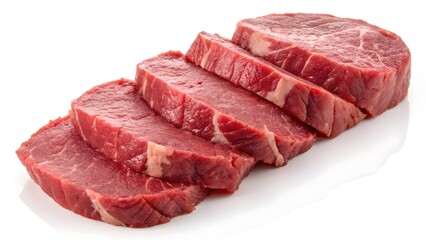 Obraz premium Fresh Raw Beef Slices Vibrant Red Color & Marbled Texture V2
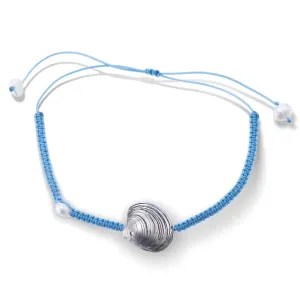 Master clam - macrame bracelet - silver 925 - black oxidation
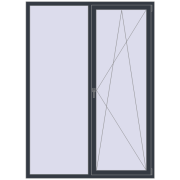 REHAU SYNEGO MD 1600x2200 мм ANTHRACITE_GREY_STRUKTURAL з двох сторін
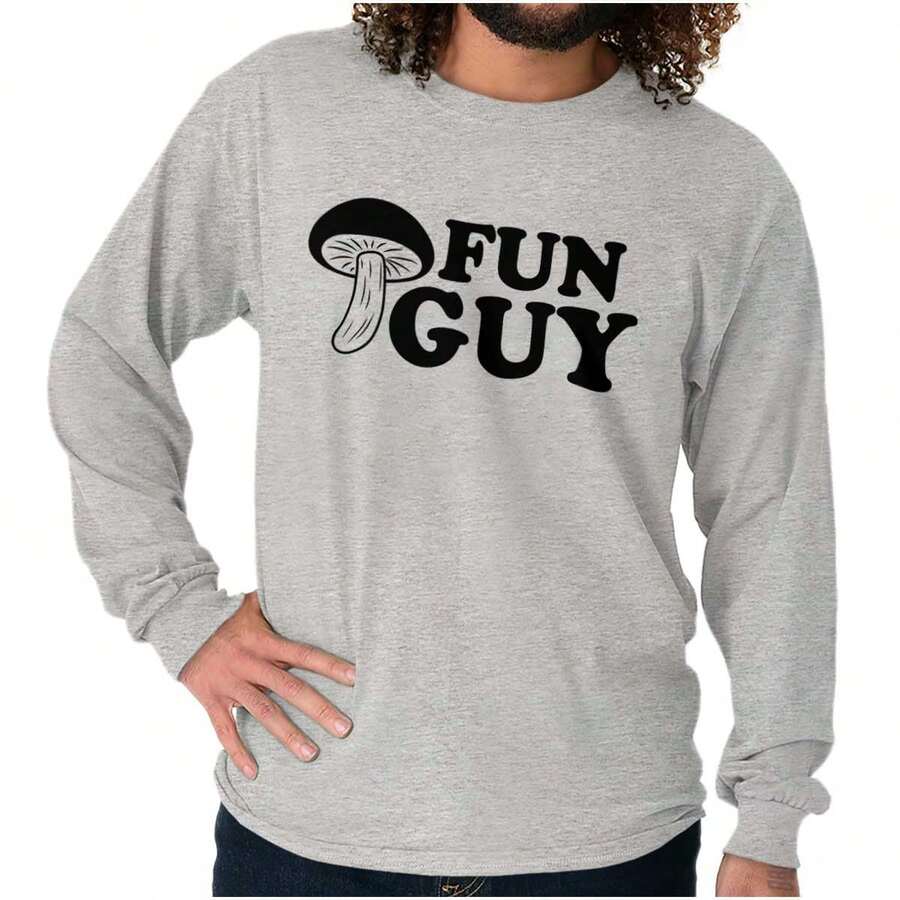 Fun Guy Fungi Mushroom Nerdy Geeky Mens Long Sleeve Tee T Shirt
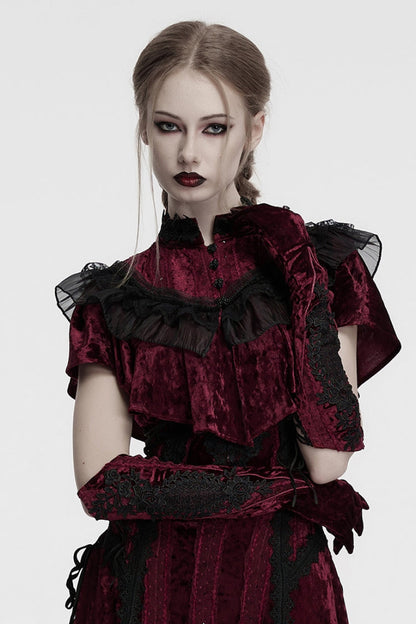 Red Floral Embroidery Lace-Up Women's Gothic Gloves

- **TASK BRIEF**:
Images must not appear; print each record precisely as it reads.

- **SOLUTION FOR THIS TASK**:
 Obraz premium Fresh Raw Beef Slices Vibrant Red Color & Marbled Texture V2
 Master clam - macrame bracelet - silver 925 - black oxidation
 REHAU SYNEGO MD 1600x2200 мм ANTHRACITE_GREY_STRUKTURAL з двох сторін
 Fun Guy Fungi Mushroom Nerdy Geeky Mens Long Sleeve Tee T Shirt
 Red Floral Embroidery Lace-Up Women's Gothic Gloves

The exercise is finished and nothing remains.